“I am going,” she said, “to walk down the avenue to look at the levee.”
They walked beneath the slant rays, through the deepening shade. Before them was the great river; turn the head and they saw, beyond the rising ground and the house gleaming from the trees, the encroaching backwater, the two horns of that sickle all but touching the main levee. When they came upon this, out of the long avenue, the cypresses behind them were black against the lit west, unearthly still and dark against the gold. The river, too, was gold, a red gold, deep and very wide and swift.
They stood upon the levee, and even his unaccustomed eye saw that the danger and strain of the other night was much lessened, but that always there was danger.—“The price of safety hereabouts is vigilance.”
“Yes. To keep up the levees. Now and then, before the War, we heard of catastrophes—though they were mostly down the river. Then, up and down, everything would be strengthened. But now—neglect because we cannot help it, and tremor in the night-time! Below Baton Rouge the Yankees have broken the levees. Oh, the distress, the loss! If Port Hudson falls and they come up the river, or Vicksburg and they come down it, Cape Jessamine will be as others.” She drew her cloak close for a moment, then loosened it, held her head high and laughed. “But we shall win, and it will not happen!... If we walk to the bend yonder, we shall see far, far!—and it is lovely.”

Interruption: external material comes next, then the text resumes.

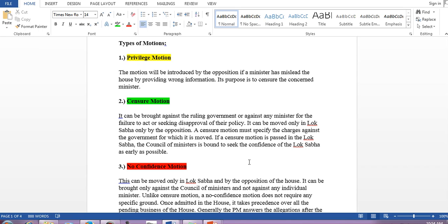Privileged motion — the motion will be introduced by the opposition if a minister has misled the house by providing wrong information. Its purpose is to censure the concerned minister. Suppose a minister is giving a speech where he has mentioned something wrong or taken some wrong information that may mislead the house. As a responsible parliamentarian, you try to raise a privilege motion telling that the minister is speaking something wrong — that is a privilege motion.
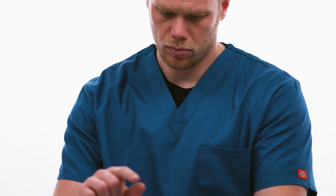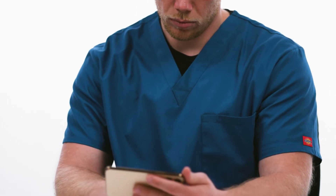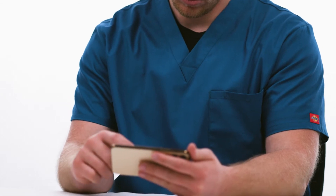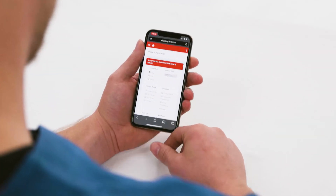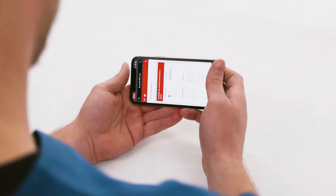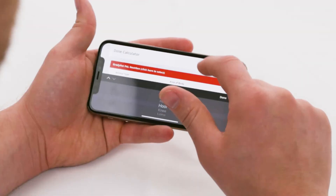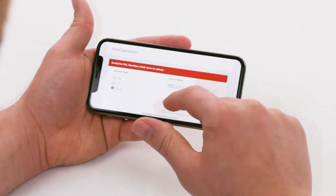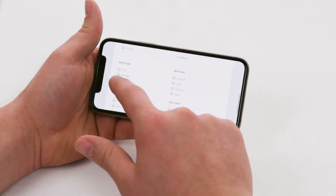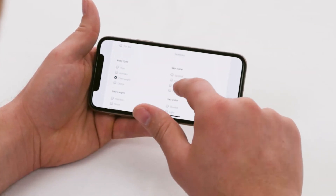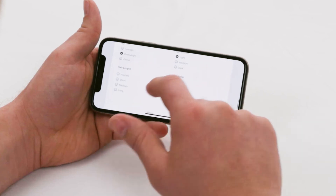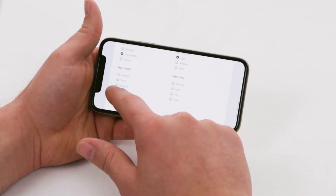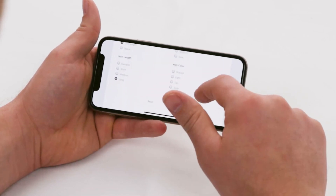After you've gotten acclimated, begin your first treatment. Under the Dose Calculator tab, enter in all the patient details including animal type, weight, body type, skin color, hair length, hair color, and lastly the condition as well as the affected area of the body.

At the bend was a bench beneath a live-oak. The two sat down and looked forth upon vast levels and shining loops of the river. From the boughs above hung Spanish moss, long and dark, like cobwebs of all time, like mouldered banners of some contest long since fought out. The air was an amethyst profound.
For some minutes she kept the talk upon this and that, then with resolution he made it die away. They sat in a silence that soon grew speech indeed. Before them the golden river grew pale, the vast plain, here overflowed, there seamed with huge, shaggy forests, gathered shadow; above day at its latest breath shone out a silver planet.
Désirée shivered. “It is mournful, it is mournful,” she said, “at Cape Jessamine.”
“Is it so? Then let me breathe mournfulness until I die.”
“The water is going down. Mingo says it is going down fast.”
“Yes. I could find it in my heart to wish it might never go down.”